Naturalmente, Collison também soube do episódio da declaração de Kevin. Por isso, ao vê-lo entrar, fez questão de confortá-lo.

— Obrigado, querido professor Collison. Antes de começar a aula, posso fazer uma pergunta? — disse Kevin.

— Claro — respondeu Collison, com uma expressão descontraída.

— Gostaria de saber se ainda é possível inscrever-se naquele concurso literário promovido pela Editora Literária de Londres. Quero participar — disse Kevin, com seriedade.

Mal terminou de falar, todos os colegas voltaram a olhá-lo, alguns rindo imediatamente. Não era por causa da declaração de amor, mas por ele querer se inscrever naquele concurso literário. Afinal, Kevin era, sem dúvida, o aluno com o pior desempenho em literatura da universidade.

Collison também olhou surpreso e disse, incrédulo:

— Querido Kevin, tem certeza de que quer participar desse concurso?

— Sim, tenho certeza. E mais: tenho plena confiança de que serei o vencedor — afirmou Kevin, batendo no peito com confiança.

Na mesma hora, a sala explodiu em gargalhadas.

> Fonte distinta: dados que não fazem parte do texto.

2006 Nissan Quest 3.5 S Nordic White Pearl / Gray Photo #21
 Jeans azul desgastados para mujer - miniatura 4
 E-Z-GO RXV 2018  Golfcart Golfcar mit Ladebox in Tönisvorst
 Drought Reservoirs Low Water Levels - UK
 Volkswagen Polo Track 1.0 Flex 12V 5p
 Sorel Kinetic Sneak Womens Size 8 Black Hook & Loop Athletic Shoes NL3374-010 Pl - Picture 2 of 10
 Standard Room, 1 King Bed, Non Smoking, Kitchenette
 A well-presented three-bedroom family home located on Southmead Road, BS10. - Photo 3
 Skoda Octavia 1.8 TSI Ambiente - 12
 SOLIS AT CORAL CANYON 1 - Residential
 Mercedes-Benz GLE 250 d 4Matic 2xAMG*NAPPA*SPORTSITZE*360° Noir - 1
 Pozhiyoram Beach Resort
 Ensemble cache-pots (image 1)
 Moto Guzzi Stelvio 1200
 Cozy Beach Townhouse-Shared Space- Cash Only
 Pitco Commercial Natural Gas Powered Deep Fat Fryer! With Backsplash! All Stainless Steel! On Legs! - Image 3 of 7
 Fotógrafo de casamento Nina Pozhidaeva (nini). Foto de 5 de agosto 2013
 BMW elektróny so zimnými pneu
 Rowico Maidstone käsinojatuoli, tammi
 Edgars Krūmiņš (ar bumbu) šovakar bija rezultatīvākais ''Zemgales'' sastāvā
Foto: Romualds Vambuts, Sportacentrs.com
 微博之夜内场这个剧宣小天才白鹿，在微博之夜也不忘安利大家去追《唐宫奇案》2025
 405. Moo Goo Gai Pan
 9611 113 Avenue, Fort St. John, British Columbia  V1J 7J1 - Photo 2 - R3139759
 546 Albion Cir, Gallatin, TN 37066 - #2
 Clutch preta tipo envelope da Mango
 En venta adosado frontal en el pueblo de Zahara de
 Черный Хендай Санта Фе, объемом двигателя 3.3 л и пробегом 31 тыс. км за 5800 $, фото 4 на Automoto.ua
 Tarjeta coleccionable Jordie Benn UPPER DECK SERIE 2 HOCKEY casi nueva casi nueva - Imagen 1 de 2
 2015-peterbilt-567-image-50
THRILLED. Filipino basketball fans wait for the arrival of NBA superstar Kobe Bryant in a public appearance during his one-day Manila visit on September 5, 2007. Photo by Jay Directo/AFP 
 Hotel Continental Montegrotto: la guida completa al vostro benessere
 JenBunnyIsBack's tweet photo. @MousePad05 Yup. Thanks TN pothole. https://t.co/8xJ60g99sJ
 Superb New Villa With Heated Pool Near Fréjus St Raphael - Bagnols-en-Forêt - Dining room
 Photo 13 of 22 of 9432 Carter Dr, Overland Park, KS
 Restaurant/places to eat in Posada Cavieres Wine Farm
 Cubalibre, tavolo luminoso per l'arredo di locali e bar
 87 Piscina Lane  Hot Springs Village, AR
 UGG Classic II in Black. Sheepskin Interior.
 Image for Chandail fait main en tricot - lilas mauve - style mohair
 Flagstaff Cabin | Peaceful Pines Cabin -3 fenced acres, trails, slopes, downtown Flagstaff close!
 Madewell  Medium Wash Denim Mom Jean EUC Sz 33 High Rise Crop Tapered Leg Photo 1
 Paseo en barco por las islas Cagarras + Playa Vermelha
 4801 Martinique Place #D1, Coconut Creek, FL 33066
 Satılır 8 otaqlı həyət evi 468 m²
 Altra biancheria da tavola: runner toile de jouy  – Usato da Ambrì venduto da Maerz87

Naquele Reino Unido paralelo, a literatura era um campo quase inexplorado. Fora Shakespeare, os grandes autores da Terra simplesmente não existiam ali. Por isso, a literatura era tida como algo nobre e o país valorizava muito o cultivo de talentos literários.

O Concurso Literário de Londres era o mais prestigiado do país, e muitos autores famosos haviam começado ali.

Por isso, todos os anos, o concurso atraía inúmeros entusiastas. Mas o campeão era sempre um só; a maioria participava apenas como figurante.

A Universidade de Edimburgo, sendo uma das mais renomadas do mundo, tinha muitos aspirantes a escritores. O mais famoso era Augustin, cujo pai era um escritor local de certa reputação. Augustin herdara o talento do pai e já publicara vários artigos em jornais da região. Ele também estava inscrito no concurso.

Mesmo Augustin não tinha certeza de que conseguiria avançar à fase final, quanto mais Kevin, conhecido por seu baixo nível literário. Por isso, os colegas achavam que ele não passava de um sonhador.

Augustin, colega de turma de Kevin, ao ouvir aquilo, apenas sorriu com desprezo e pensou: “Que sujeito sem noção.”

Mas os olhos de Kevin continuaram firmes, tão determinados que até assustaram o professor Collison.

— Muito bem, as inscrições da nossa universidade são feitas em conjunto; porém, daqui a meia hora, o professor responsável vai enviar todos os textos e formulários à comissão organizadora. Mesmo que queira participar, já está sem tempo — lamentou Collison.

— Ainda há mesmo meia hora? — perguntou Kevin, sério.

— Sim, infelizmente. Mas você pode tentar na próxima edição, terá mais tempo para se preparar, se realmente gosta de literatura — consolou Collison.

O Concurso Literário de Londres acontecia a cada quatro anos. Se Kevin não conseguisse participar dessa vez, teria de esperar mais três anos. Com tantas memórias das grandes obras literárias da Terra, ele não queria perder essa oportunidade.

Além disso, meia hora bastava para o Kevin recém-renascido.